■ Exercise materials
--------------------------------------------------

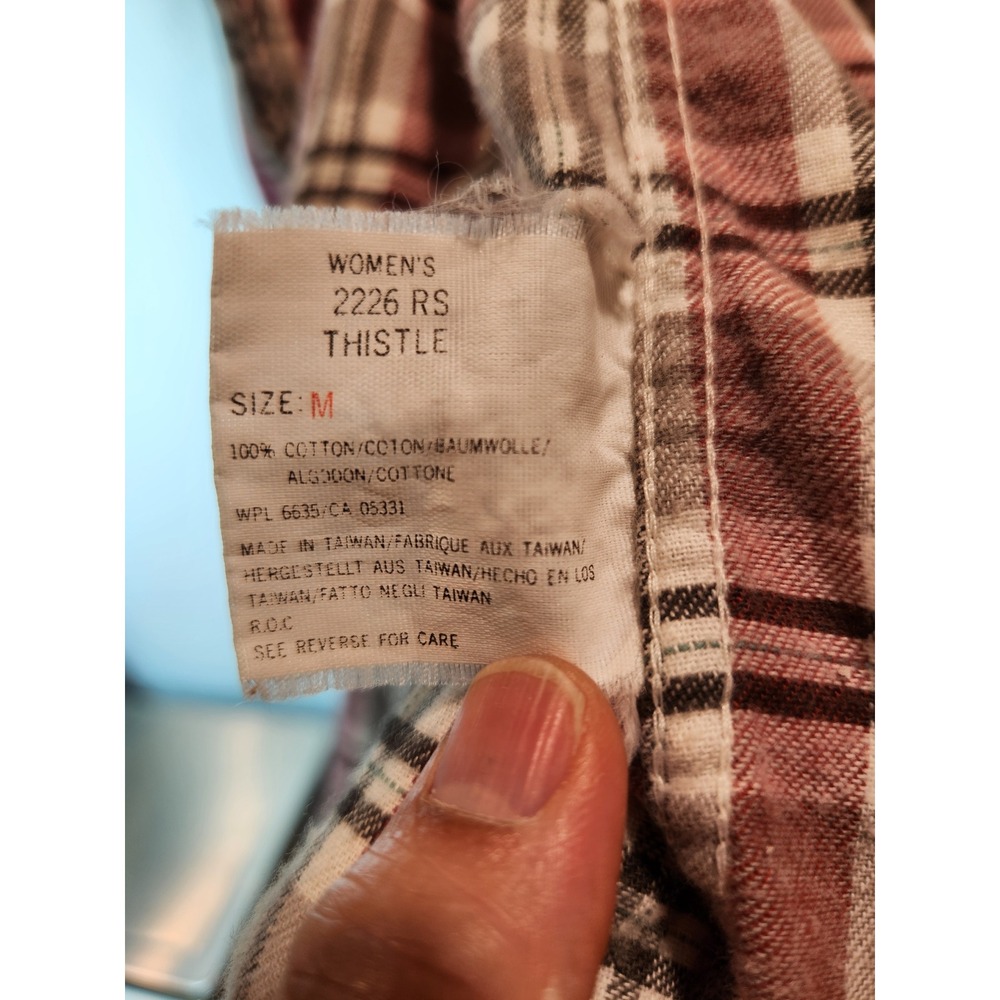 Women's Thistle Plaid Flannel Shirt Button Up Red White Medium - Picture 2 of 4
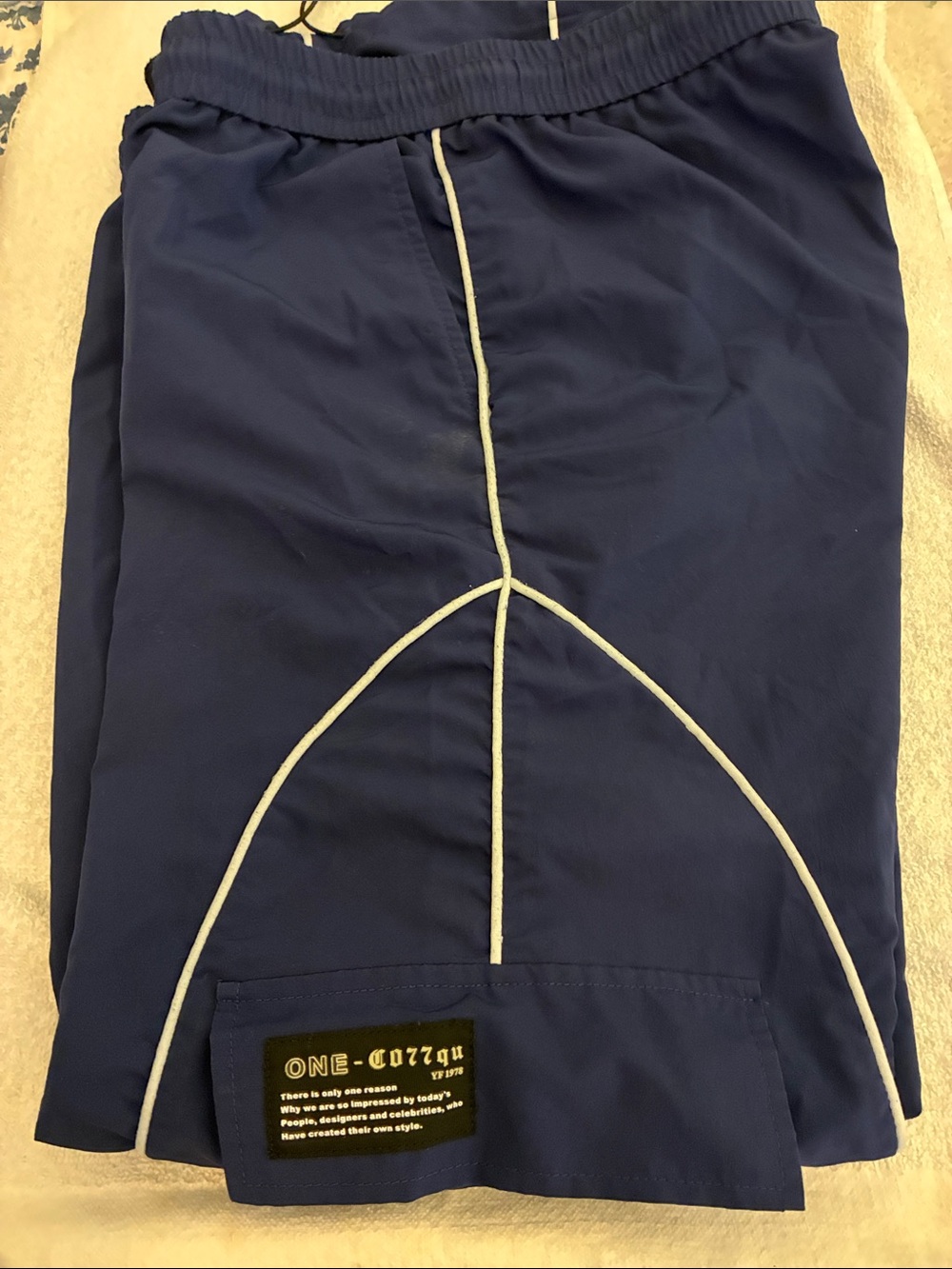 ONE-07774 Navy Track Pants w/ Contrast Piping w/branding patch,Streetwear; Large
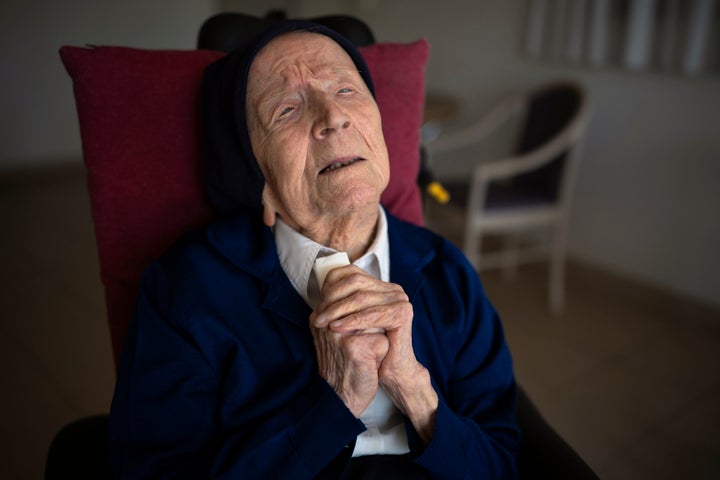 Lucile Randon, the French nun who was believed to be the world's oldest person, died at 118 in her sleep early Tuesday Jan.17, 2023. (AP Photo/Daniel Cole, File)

--------------------------------------------------

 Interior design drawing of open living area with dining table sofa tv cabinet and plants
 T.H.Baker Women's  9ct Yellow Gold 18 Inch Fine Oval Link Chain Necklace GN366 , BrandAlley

--------------------------------------------------

■ Exercise directions
What you return should be exactly the lines above, starting at the one with "Interior design drawing" and ending at the one with "GN366 , BrandAlley", and nothing else.

■ Result of the task
 Interior design drawing of open living area with dining table sofa tv cabinet and plants
 T.H.Baker Women's  9ct Yellow Gold 18 Inch Fine Oval Link Chain Necklace GN366 , BrandAlley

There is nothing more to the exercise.